___ Available data ___
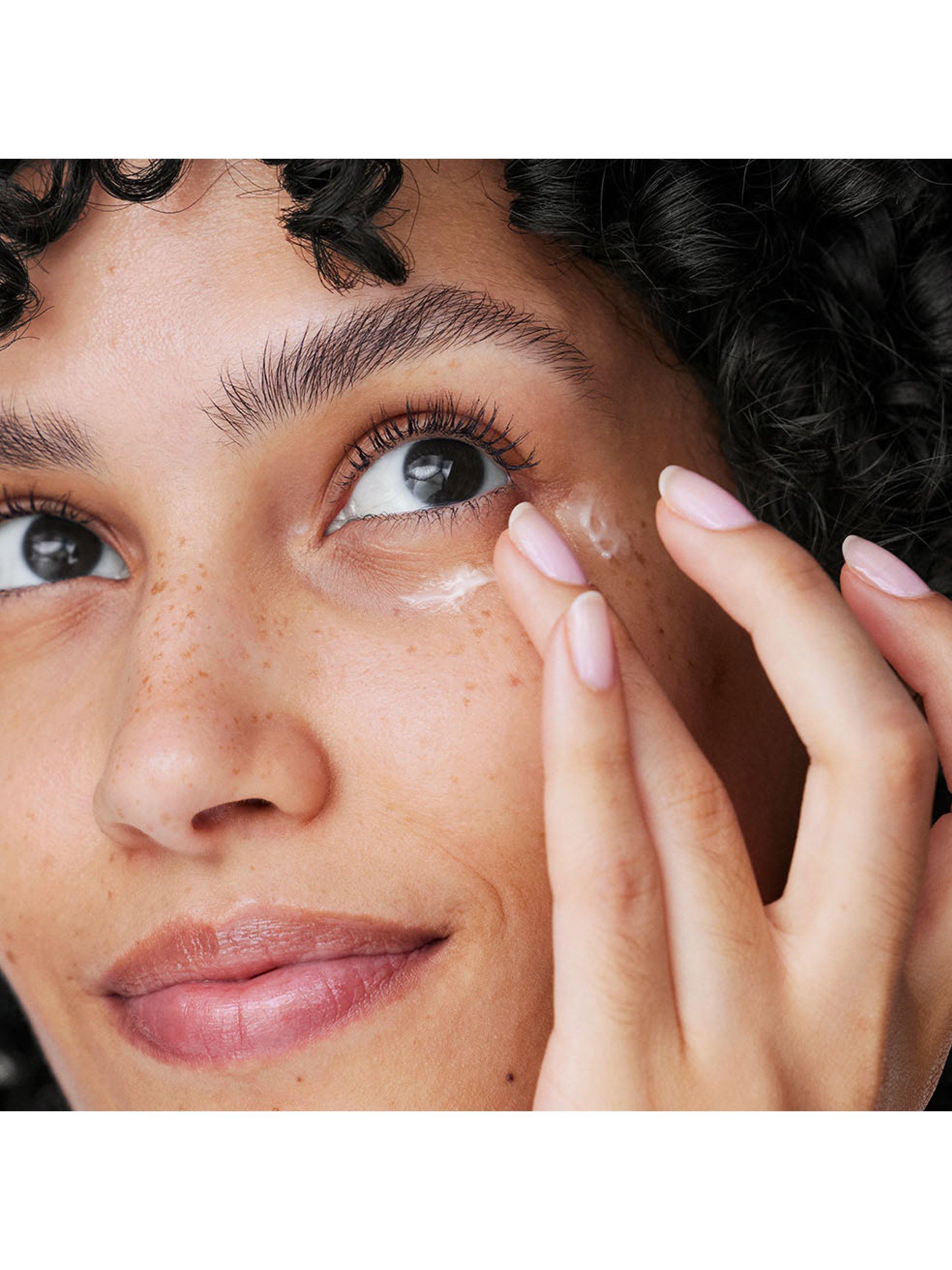 Product image 5 of 7, which shows Clinique Glow and Go Bold Skincare & Makeup Gift Set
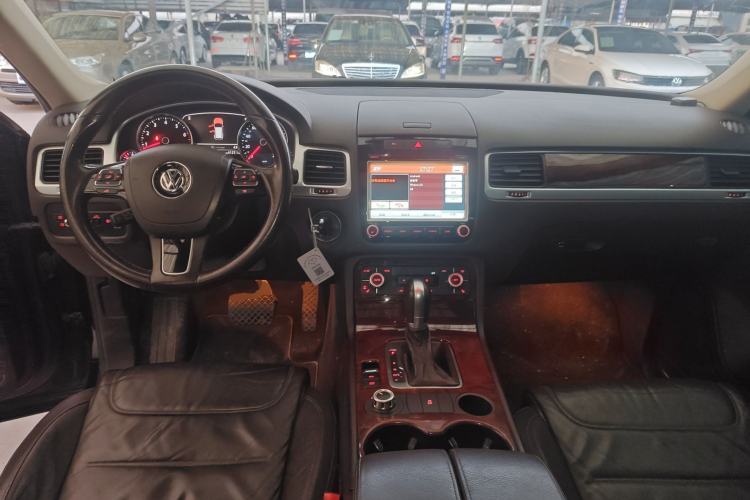 Used Volkswagen Touareg 2011 3.0 TSI Standard Version
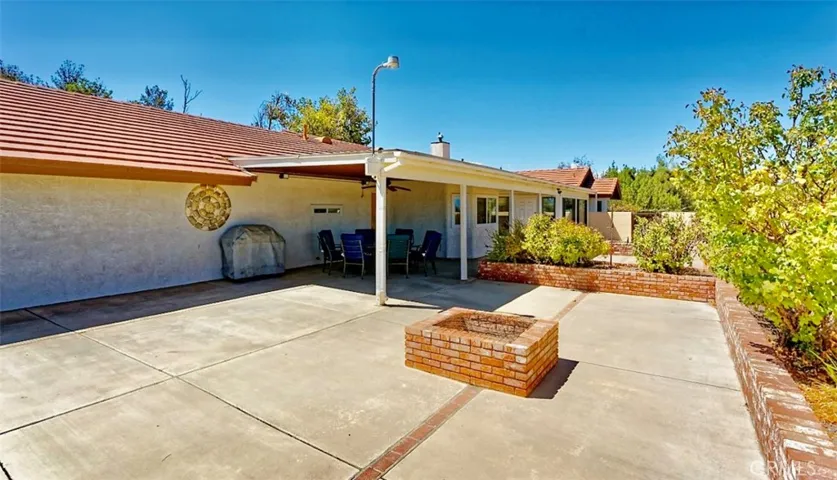 13152 Mission Street, Oak Hills, California 92344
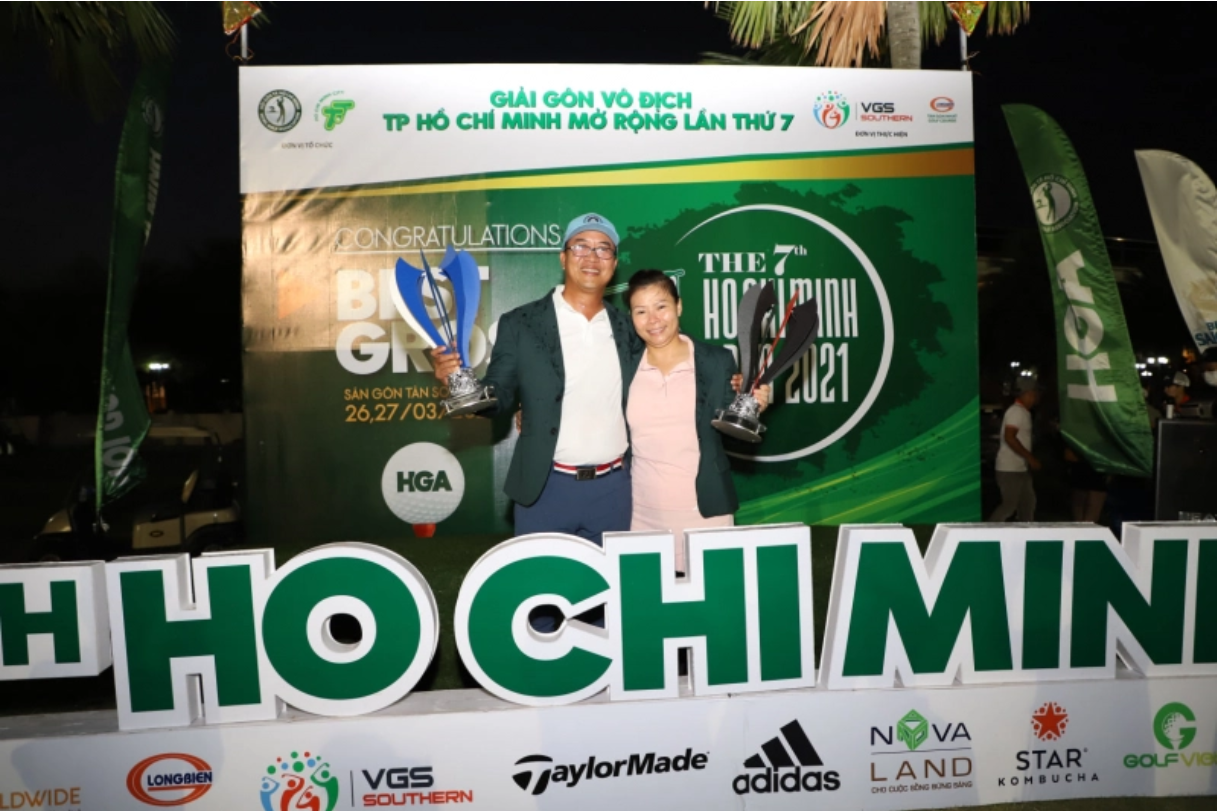 Hai golfer Nguyên An và Vân Anh lần lượt giành được Best Gross Nam và Nữ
___
• [Required work] Repeat the material exactly as it reads, without any of its pictures.

• [Response to this task]
 Product image 5 of 7, which shows Clinique Glow and Go Bold Skincare & Makeup Gift Set
 Used Volkswagen Touareg 2011 3.0 TSI Standard Version
 13152 Mission Street, Oak Hills, California 92344
 Hai golfer Nguyên An và Vân Anh lần lượt giành được Best Gross Nam và Nữ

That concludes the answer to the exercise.